Wednesday, February 25, 2009

Feburary 1.0

Summer is almost over. And that makes me sad. And scared. But mostly sad. I feel like I've wasted the weather. I haven't been to be beach enough. I haven't basked in the sun enough. I haven't, I don't even know, appreciated it enough. I'm just sad that soon the sun will dissapear and the horrible cold winds will come to whip hair around our faces and chill us to the bone. And the gray. It makes me depressed. I'd much rather summer when the sky sparkles and the sun is so cheerful. Where the grass looks especially green and lush and the sky has a million shades of blue.

The end of summer also means the back to school. Back to listening and learning and being quiet. Back to deadlines and blue pens and missing important points. Back to sitting through an hour or so of the drone of imaginary bees and the whispers and the glow of under desk texting. Unfortunately I am exaggerating. It's not that bad. It's just different from the carefree, unstructed, free flowing days of holidays. And I'm not liking it one bit... and I haven't even started yet.

Summer is however not over yet. There is still time. And things have been achieved. Recently I ventured to the Island of Phillip. Some of my awesome uni peoples and I nipped down for four days of not a-hell-of-a-lot. We sat enthralled through episodes of skins, we discussed the important matters of desalination plants, we discussed the unimportant matters of the correct use of eyeliner, we sat around the fire and discussed sex and sexually related topics, we attempted to find a song to mix with wonderwall, we walked to the fish and chip shop, twice...and it was closed, twice, and we read multiple copies of zoo magazine whilst commenting on how (un)attractive many of the girls featured actually were.


Monday, January 5, 2009

January 1.0

"Go right at the first stoplight, I'll be outside waiting for you"

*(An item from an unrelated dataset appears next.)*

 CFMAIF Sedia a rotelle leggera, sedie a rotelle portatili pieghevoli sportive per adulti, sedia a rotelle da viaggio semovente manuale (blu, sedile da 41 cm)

But how long can you wait? When does it stretch from possibility to impossibility? I love the saying "I'll wait for you forever if I have to". It's so romantic, but in truth would anyone really wait forever? And once 'forever' had passed would it really live up to the expectations that had been set? Things work in mysterious ways. I don't know if I believe that God created the universe, or even if that a bunch of stuff colliding somehow miraculously created living beings. Existence seems a little... too difficult and intricate to be happening sometimes. And it's scary. It's all scary. Life. Being. The whole lot of it. You're supposed to act in a certain way but who says that's the right way? Is it merely ideological hegemony (a term we learnt about in media) where a ruling class in society creates 'rules' which are followed by the rest of us mere mortals. We all call green 'green' for example, but is it really? And who says that what we see as green, isn't seen as our purple by someone else? We're all individuals, or so we're told. But really aren't we all humans? All created from the same "mould"?

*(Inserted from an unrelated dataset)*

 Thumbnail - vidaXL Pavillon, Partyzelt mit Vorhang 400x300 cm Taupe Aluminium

But back to waiting and the such. I have a wonderful thing, but sometimes I see and hear things that make me believe that it is really such a rare thing that I have to constantly check that it hasn't disappeared on me. Slipped out of my grip while my back was turned and I was distracted. But then I realise it's safe and I'm pretty sure it will always be safe. But I still like to check. It's still nice to know sometimes. Just so you appreciate it that little bit more.